> Information provided
BEGIN

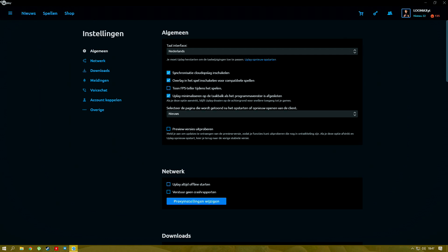And tick off synchronize to cloud. This is very important.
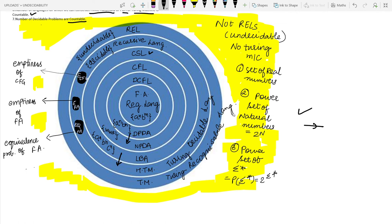Recursive languages are recognized by a halting Turing machine and are also known as Turing-decidable languages. Recursively enumerable languages are known as Turing-recognizable languages and are recognized by a Turing machine. Recursive languages are decidable languages, while recursively enumerable languages are undecidable. Examples of recursive languages include the emptiness problem of CFGs, the emptiness problem of finite automata, and the equivalence problem of finite automata.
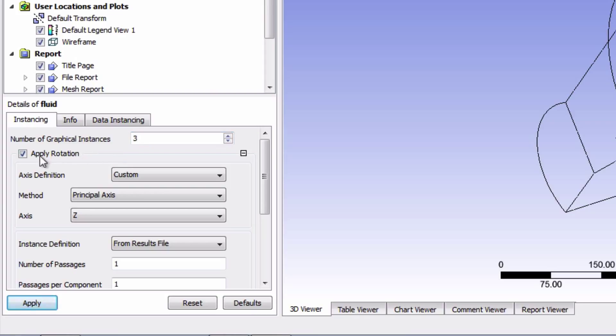Make sure apply rotation is checked. Also notice that it's been set to rotate about the Z axis already.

END

> About this task
Give back the whole of the material exactly, with the pictures removed.

> Task solution
And tick off synchronize to cloud. This is very important.
Recursive languages are recognized by a halting Turing machine and are also known as Turing-decidable languages. Recursively enumerable languages are known as Turing-recognizable languages and are recognized by a Turing machine. Recursive languages are decidable languages, while recursively enumerable languages are undecidable. Examples of recursive languages include the emptiness problem of CFGs, the emptiness problem of finite automata, and the equivalence problem of finite automata.
Make sure apply rotation is checked. Also notice that it's been set to rotate about the Z axis already.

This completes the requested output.